Stored records:
───

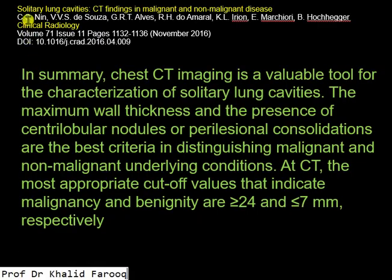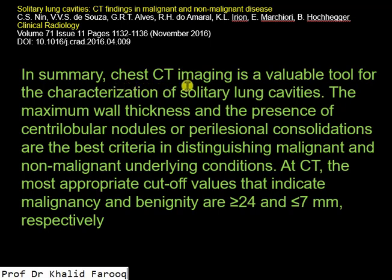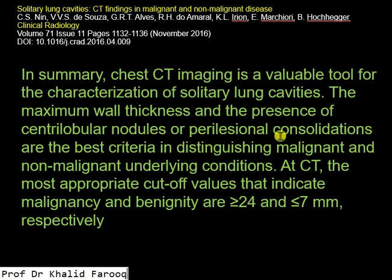These are features noted in benign lesions such as tuberculosis. We have reviewed an article in Clinical Radiology: 'Solitary lung cavities — CT findings in malignant and non-malignant diseases.' The summary states that CT chest images are a valuable tool for characterization of solitary lung cavities, and the maximum wall thickness and presence of centrilobular nodules or perilesional consolidations are the best criteria for distinguishing malignant from non-malignant conditions.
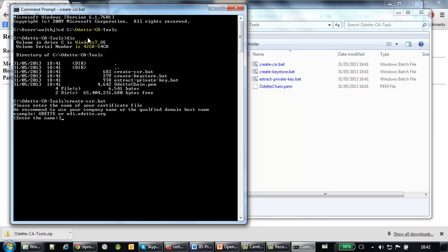So the program asks you for a file name. We recommend that you use, for instance, the qualified domain host name for your server in order to remember for what machine, for what server you requested the certificate. I use here pdi.odeta.org.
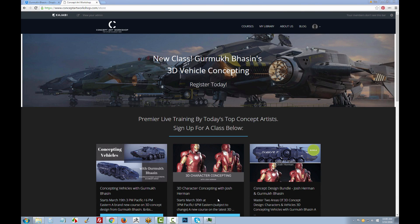Hi, my name is Ryan Kingsline. I'm the founder of Uartsy and Concept Art Workshop and a couple of other academies.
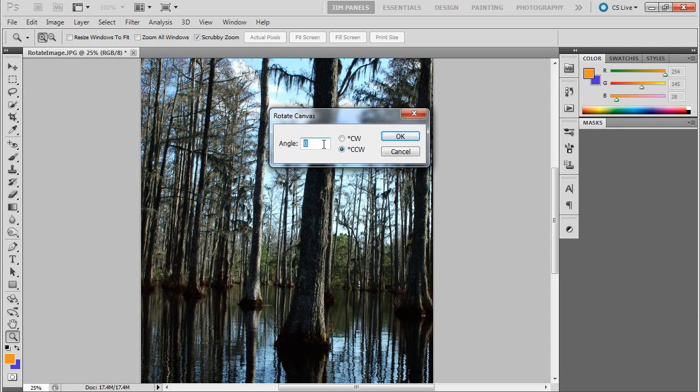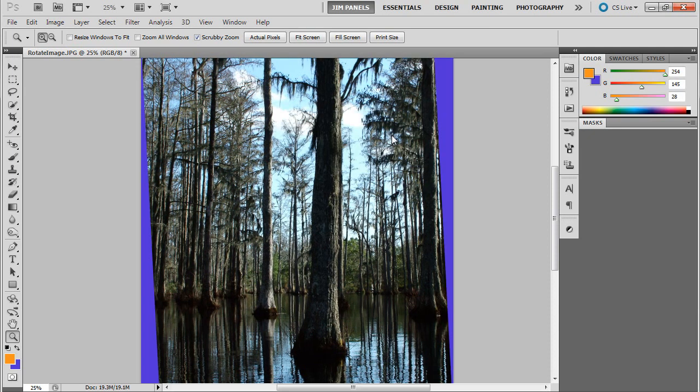In this case, I'm going to do three degrees counterclockwise, and you see what it did - it leveled out that line. Notice it filled in the area outside with that blue background I have, kind of a purplish blue.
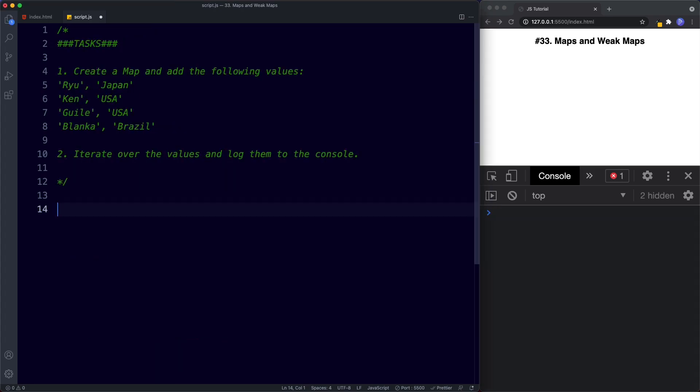For your tasks: task one — create a map and add the following values: Ryu/Japan, Ken/USA, and so on. Task two — iterate over the values and log them to the console. Try these out and when we come back we'll take a look at the answers.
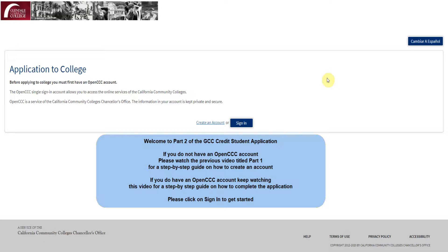Welcome to Part 2 of the GCC Credit Student Application. If you do not have an OpenCCC account, please watch the previous video titled Part 1 for a step-by-step guide on how to create an account. If you do have an OpenCCC account, keep watching this video for a step-by-step guide on how to complete the application.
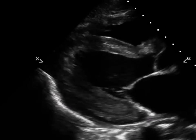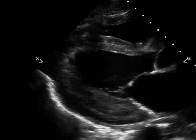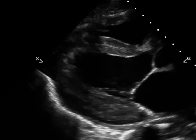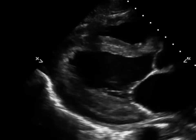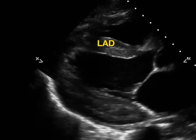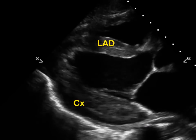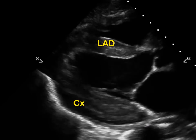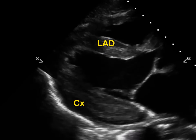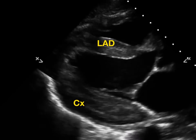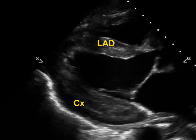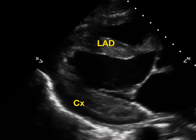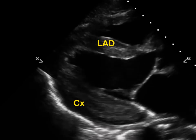Here's another example — think of where the LAD and where the circumflex is, and we're looking for any wall motion abnormalities. This is a pretty good example of a circumflex lesion.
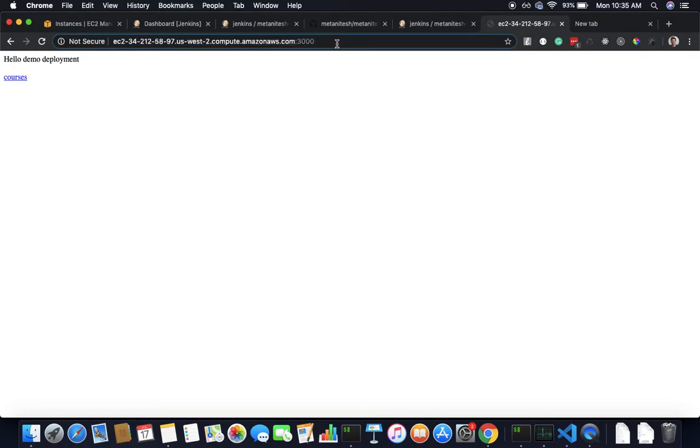If it is a real application you would probably want to deploy two versions and call them green and blue. When you deploy a new version you always have an option to go back to the old version. You can change that URL into your domain server Route 53 and it should point to the new deployment. Thank you very much for watching.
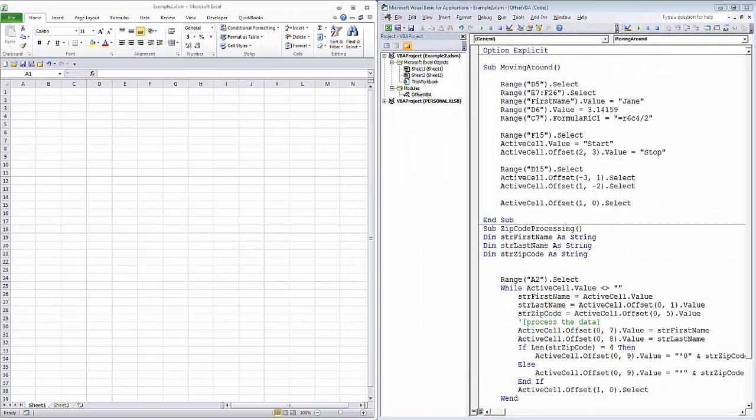Hi, welcome to Pioneer Training's VBA tutorial series. Today, we're going to be talking about the Range Offset command. To get the most out of this video, you should be familiar with Excel and have some familiarity with Excel VBA.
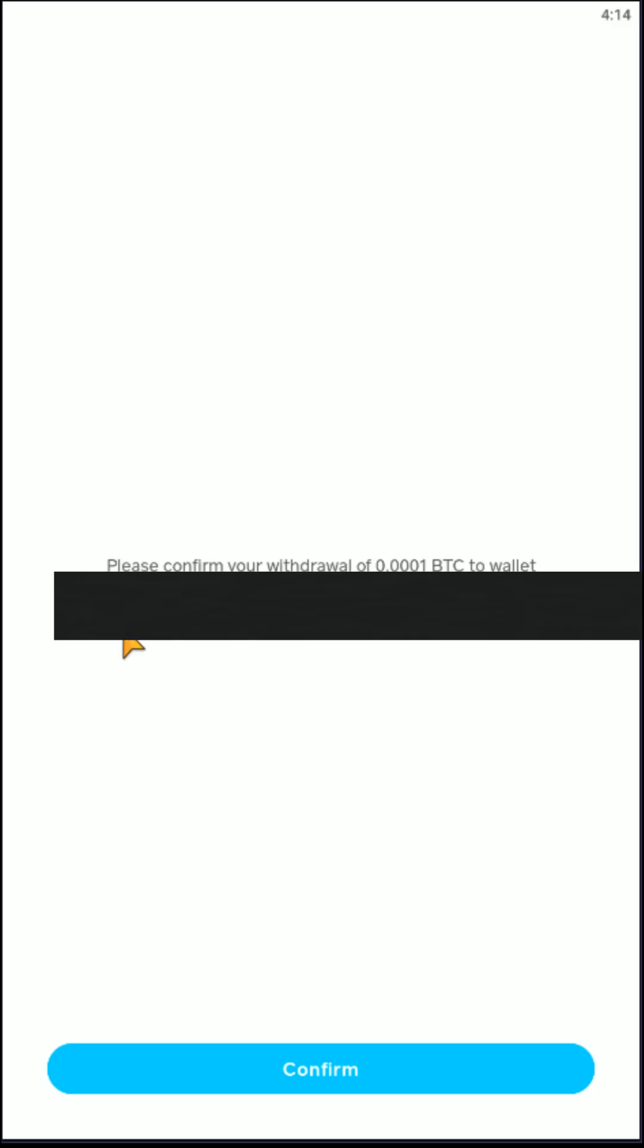And then it says please confirm your withdrawal of however much Bitcoin that you wanted to withdraw and then to the wallet. And it's going to give you the code again. And I'd recommend just double checking that code again to make sure that you're sending the Bitcoin to the right area. And then all I have to do is click Confirm at the bottom and you should be good to go.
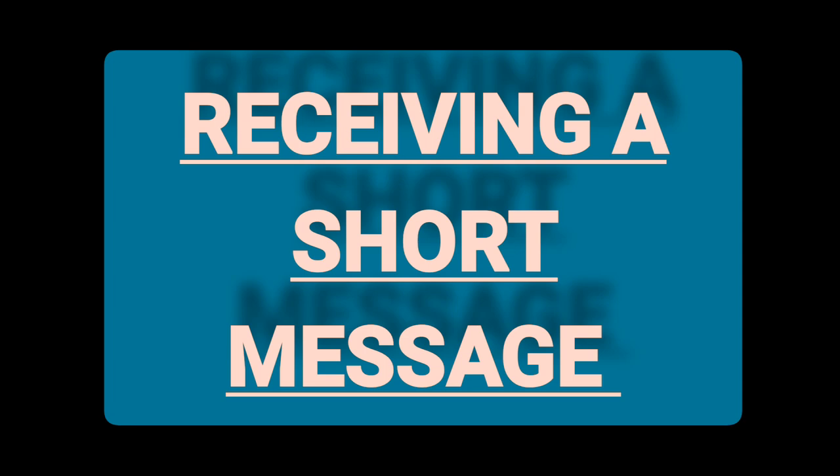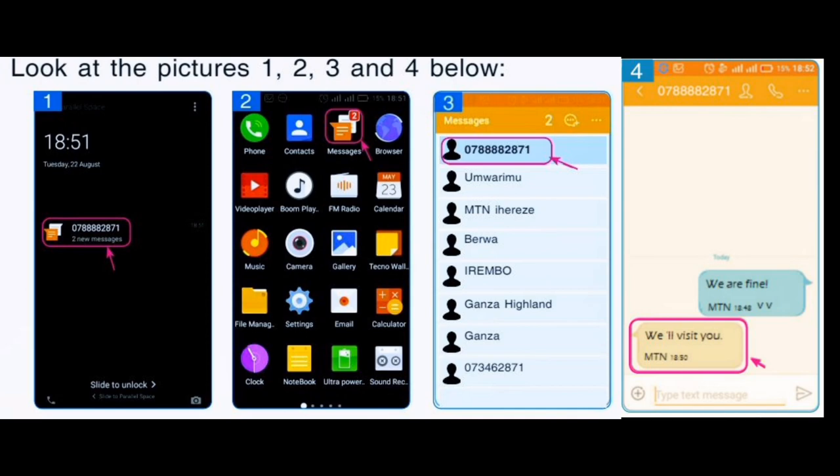Now let's see how you can read or receive a message. Observe these pictures again: picture one, two, three, and four. Would you please choose a picture which shows that a person has received a short message or SMS? Do the same as it is in pictures one, two, three, and four.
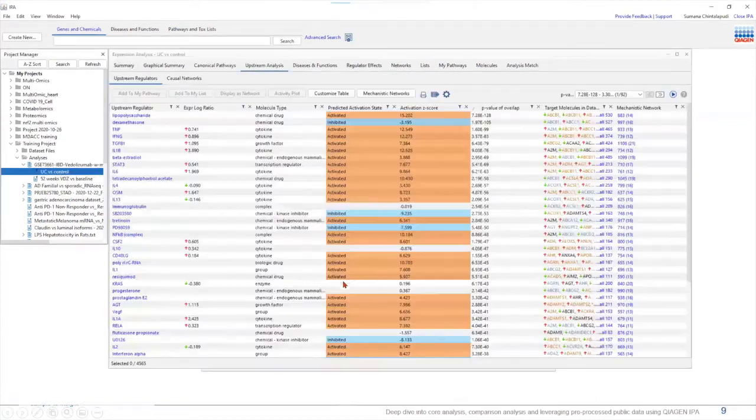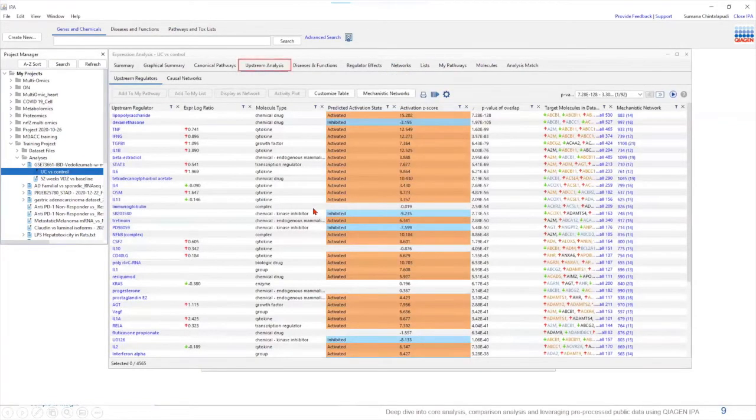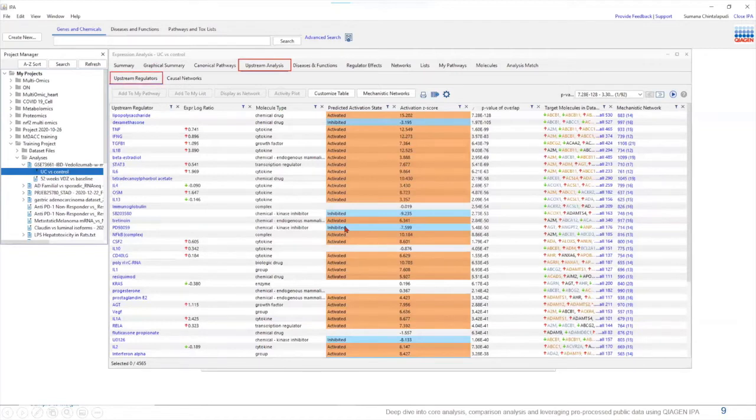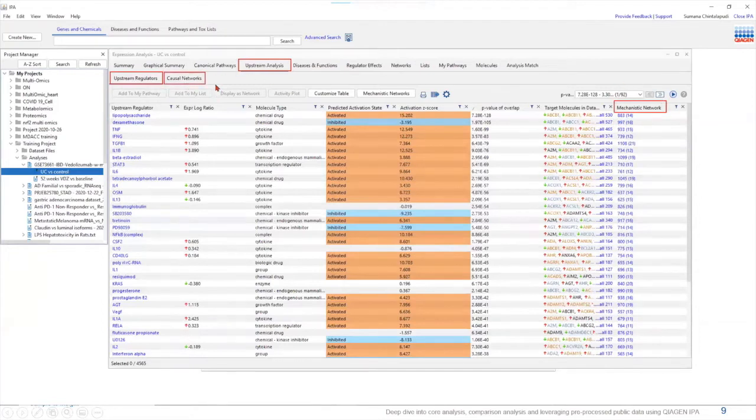Today we are going to look at the upstream analysis tab within our core analysis and here is a table listing individual upstream regulators and in addition to that we have mechanistic networks and the causal networks tab as well.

───

Work order:
Transcribe only this stretch of the data: the line with "Hi, my name", the line with "Here's another example", and every line in between. Leave out the pictures.

Result of this exercise:
Hi, my name is Ryan Kingsline. I'm the founder of Uartsy and Concept Art Workshop and a couple of other academies.
In this case, I'm going to do three degrees counterclockwise, and you see what it did - it leveled out that line. Notice it filled in the area outside with that blue background I have, kind of a purplish blue.
For your tasks: task one — create a map and add the following values: Ryu/Japan, Ken/USA, and so on. Task two — iterate over the values and log them to the console. Try these out and when we come back we'll take a look at the answers.
Welcome to Part 2 of the GCC Credit Student Application. If you do not have an OpenCCC account, please watch the previous video titled Part 1 for a step-by-step guide on how to create an account. If you do have an OpenCCC account, keep watching this video for a step-by-step guide on how to complete the application.
Here's another example — think of where the LAD and where the circumflex is, and we're looking for any wall motion abnormalities. This is a pretty good example of a circumflex lesion.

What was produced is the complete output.